I have done this before... I know I have.
About 1 year ago, I changed the oil in our Mahindra 4025. I also changed the fuel filter and cleaned out the screen in the diesel tank and cleaned the diesel tank.

I reeked so bad, I distinctly remember the day.

Today ... I cannot for the life of me find my owner's manual, nor after 2 hours searching through 7,000 pictures can I find any photos of the Mahindra except for the day we brought it home.
*
Where is the drain plug for the oil?*

The idiot light keeps coming and my husband is worried he is killing his engine.
I was in the middle of putting a new fuel pump on the 87 fifth avenue and replacing the vacuum lines where the packrats had chewed through. So my brain was not working well trying to juggle in the tractor maintenance before dark.

My call to the Mahindra dealer was:
This is Billie.
Billie, where is the drain plug for the oil on a Mahindra4025 4wd?
Billie says -- 'you need to talk to the shop. Ask for Billy'
Billie transfers me to Billy.
Billy says 'well let me go look at a tractor'
Delay of game while Billy is gone.
Billy comes back and says 'should be at the bottom of the oil pan'.
I ask 'is it a square plug end or a hex'.
Billy says 'Yes'
I try again ' Billy, is it sitting vertical or horizontal'
Billy says 'could be either one'.
I ask if someone else is there to speak with.
I kid you not....
Billy says ..'Well, Bill will be back in about an hour. You could try calling back'.

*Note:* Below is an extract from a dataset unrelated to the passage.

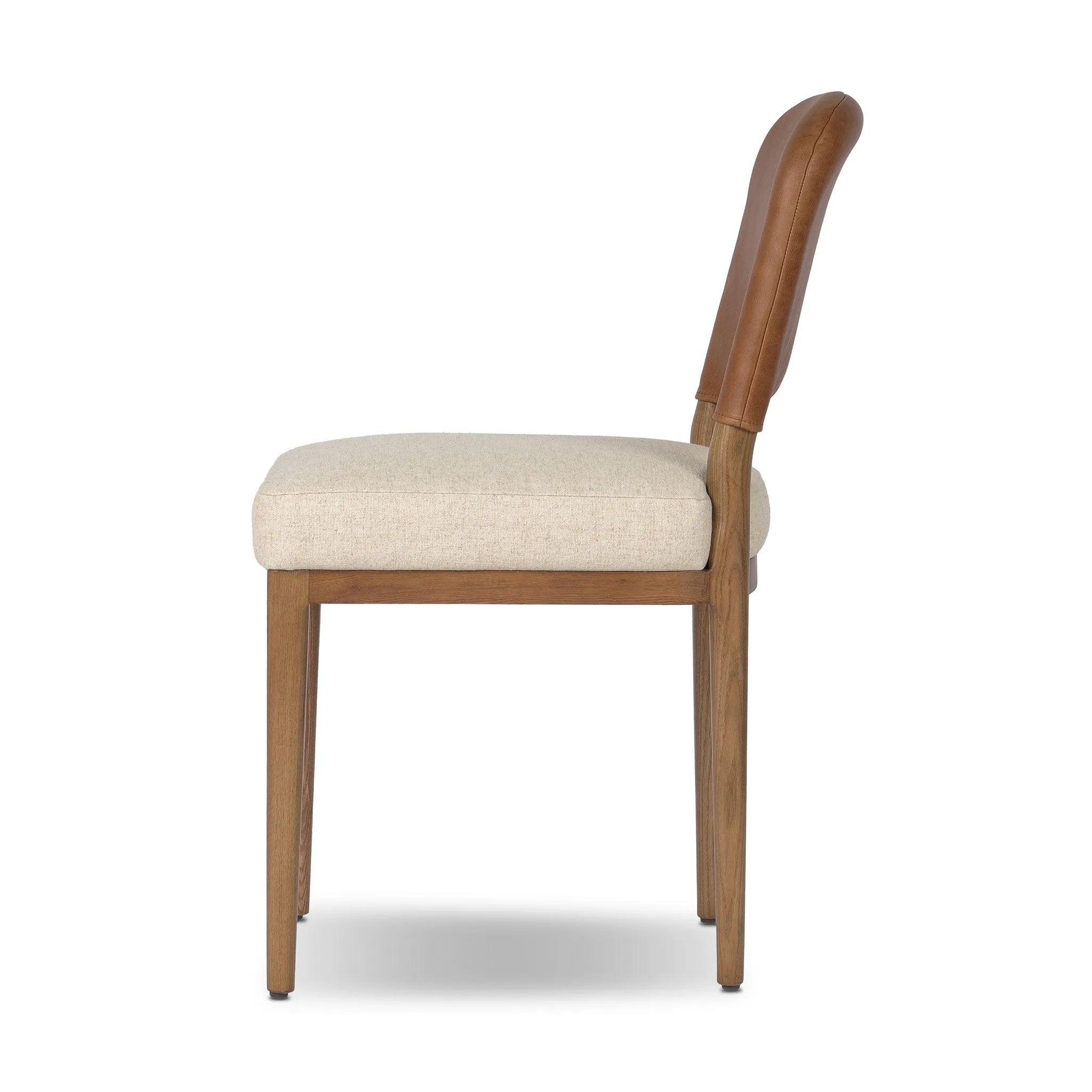 The classic material mix look you want in your dining space. Butterscotch top-grain leather with a subtle vintage look pairs with a neutral performance fabric-upholstered seat. Tapered legs and an armless silhouette look timelessly chic. Amethyst Home provides interior design, new home construction design consulting, vintage area rugs, and lighting in the Calabasas metro area.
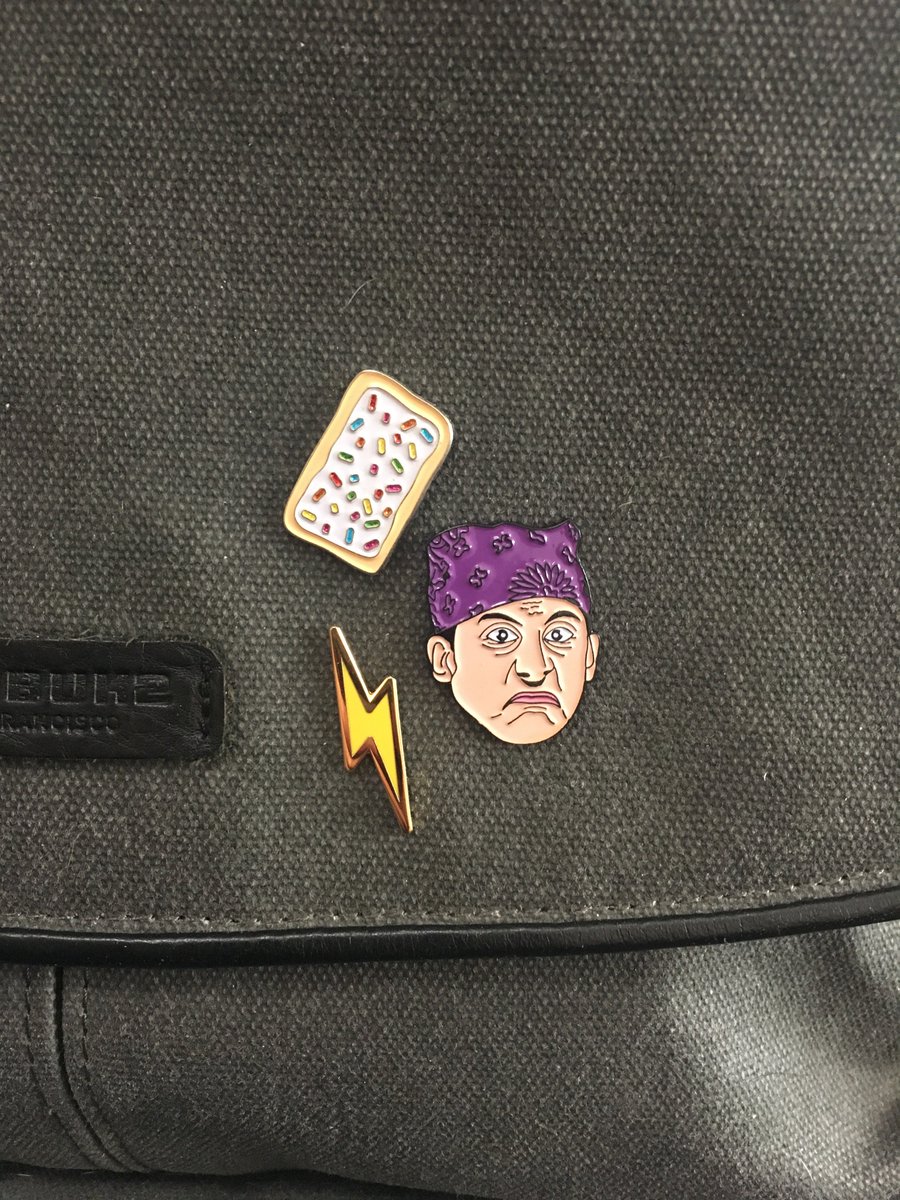 Closeup shot of a backpack with three enamel pins: a strawberry Pop Tart, a gold lightning bolt, and the Michael Scott character "Prison Mike" from the Office.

I feel like I was in an episode of the Simpsons.

JW


----------



## RC Wells (Dec 26, 2008)

I believe that engine has two oil drain plugs, one on the back edge of each side of the U shaped pan towards the operator's station. They are tucked up so they are hard to see, and require a wrench as there is no room for a socket.


----------



## Just Wondering (Mar 25, 2018)

RC ... 
I tried that and got green liquid out of the plug on the passenger side so I assumed I was in the wrong. Had to use a 1 1/8 inch open end wrench to get to it. It sits horizontal to the ground. I'll do pictures manana.

The oil on the dipstick is dirty but not coal black... certainly not green liquid.

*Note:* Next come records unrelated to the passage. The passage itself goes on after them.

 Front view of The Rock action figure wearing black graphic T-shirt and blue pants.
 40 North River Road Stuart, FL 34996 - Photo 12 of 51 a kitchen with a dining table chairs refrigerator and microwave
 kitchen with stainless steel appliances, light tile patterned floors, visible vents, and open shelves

Guess I'll give it another go tomorrow and try the driver side.

Thanks for answering though..

JW


----------



## RC Wells (Dec 26, 2008)

The drain plugs should look very much like these on the larger 5 series. If you have antifreeze leaking into the crankcase, that would account for the green at the bottom of the pan. Both the tractors use the same engine.


----------



## Just Wondering (Mar 25, 2018)

There are no plug like that at the bottom of my tractor.
I asked my brother to double check me and he didn't see it either.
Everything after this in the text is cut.